But if you do try and you do fail, at least you should fail successfully. By that I mean, you shouldn't brood about it, but as Mr. Armstrong has intimated in his book, The Seven Laws of Success, you should really use those failures purposefully. Those failures, rather than being stumbling blocks to your success should become stepping-stones to your success. I wonder how many of you realize that Thomas Edison failed some 499 times to produce a working light bulb before the last one did work? He showed a tremendous amount of resourcefulness, a tremendous amount of what Mr. Armstrong calls stick-to-it-iveness.

Someone asked Thomas Edison whether he considered himself a failure at or about the time, for example, that he failed for the 450th time. He said, "No, not at all. I wasn't a failure. All I was doing was eliminating those possibilities which weren't too practical." Which I think is a good way of using the failure or the aeries of failures as stepping-stones to success.

At any rate, faith can release you from this deep freeze that fear — fear of trying — can put you in. You shouldn't sit around daydreaming about what you could accomplish if you had the breaks or if you had luck.

How many of you play golf or have seen golf on TV on Sunday? I see that not a high percentage have. Gary Player is world famous. He's from South Africa, and he's a small man playing amongst giants physically. And yet he has managed to win every conceivable tournament wherever that type of tournament is played.

This year he had a remarkable run of exceptionally fine golf, winning the United States Masters, and then two other tournaments in a row, which today is a very difficult thing to accomplish. As he was about to win his third straight event, and each of them was accomplished in this come- from- behind fashion (coming far from the back of the field of players to the fore and winning), which of course makes the win even more spectacular, he was approached by the ubiquitous announcer. Sometimes they have announcers who know almost nothing about the game — whether it be the fight game or golf or tennis. Once in a while it does happen but not each and every time by any means. On this occasion, one of the announcers just really didn't know much about golf and didn't really know much about what it is to compete. He stuck the microphone under Gary Player's mouth as he was walking up the fairway. And in an effort to say the right thing, I guess, he congratulated him on what appeared to be now his third successive win, and said, "You know, you have to be rather lucky, don't you, Mr. Player, to win three in a row?" Gary smiled (and he has a very, very pleasant smile) and he said, "You know, you're right. You're absolutely right. You do have to be lucky to win. But you know," he said, "it's a funny thing. I found out that the more you practice, the luckier you seem to get."

As Mr. Armstrong's booklet, Seven Laws of Success tells you, perhaps the most important element is also the most neglected, and that's the element of faith in God. And of course, this element of faith is a gift. It's a gift from God. But literally, it opens closed doors. I accomplished things for Mr. Armstrong around the world that I would not have even tried if I didn't have faith that God wanted it done and that He had clothed me and Mr. Armstrong with a special cloak of protection, if you please, that would guarantee that things would turn out well and that our goal would be accomplished. Because truly, some of the things that we have done have been literally impossible — not only were they improbable, but they were impossible.

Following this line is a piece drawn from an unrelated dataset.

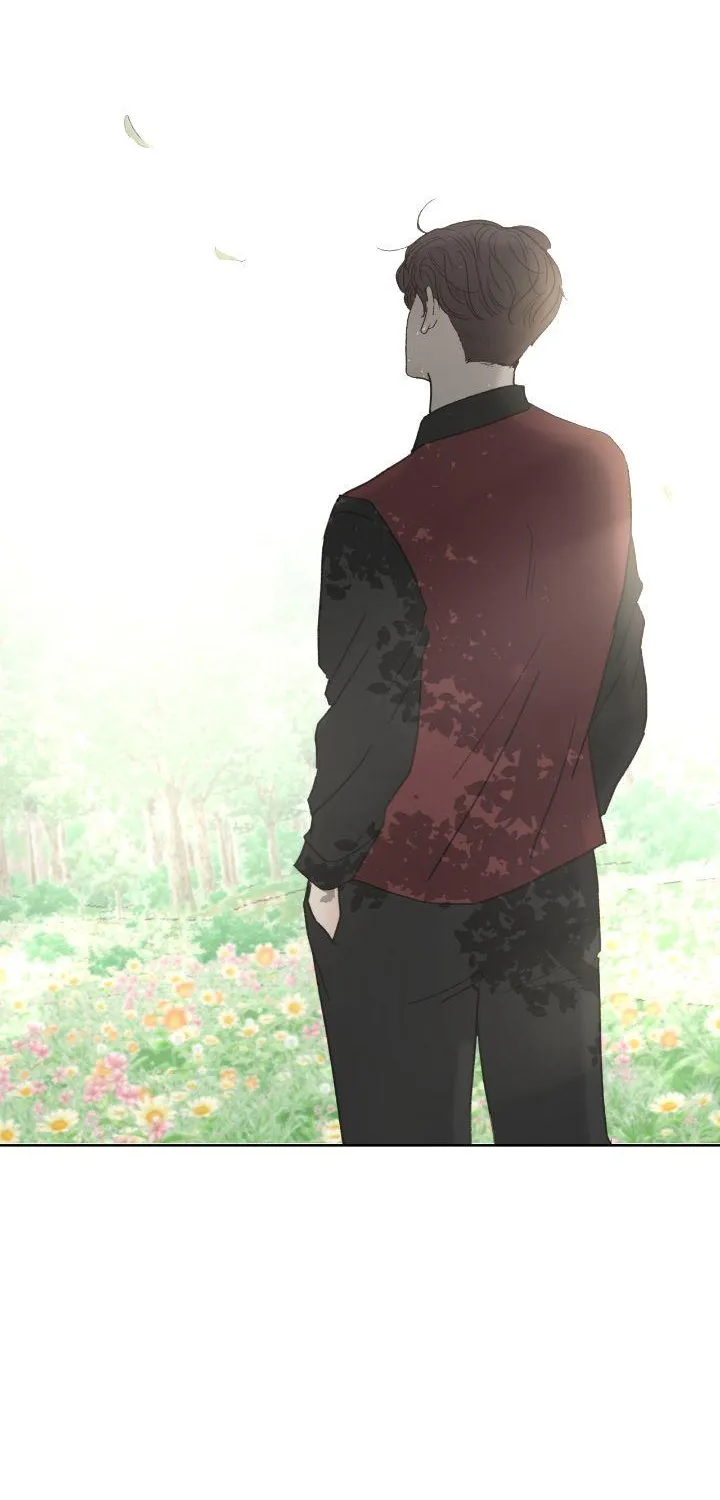 I Adopted the Male Lead from the Shelter 〘Official〙 Chapter 21 page 87 -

A few years ago I tried to see if I could transfer that feeling to someone else in order that he too would be able to succeed in accomplishing the impossible. South Africa is further away than any other inhabited part in the world. And I didn't have time to fly down there and personally make preparations. It took a lot of work and preparation of a type that I say literally was impossible.

What I did was to send a long memorandum to the man who ran the office in South Africa for the church. And without even indicating at all that any of what I had asked him to do was impossible, I told him to do it. Now he had never done anything like this before, and I had given him a list of things to accomplish that would have been impossible for anybody to accomplish considering the expeience that he didn't have, and considering the background and expertise that he didn't have. But you see, he didn't know any better. He didn't know that it couldn't be done. He didn't know that he didn't know. And he just assumed that because we said this is what we want and this is what we need that it could be done. And lo and behold, we arrived in South Africa for the first time and it had all been accomplished. And every trip that we had thereafter in South Africa was even better than the first one.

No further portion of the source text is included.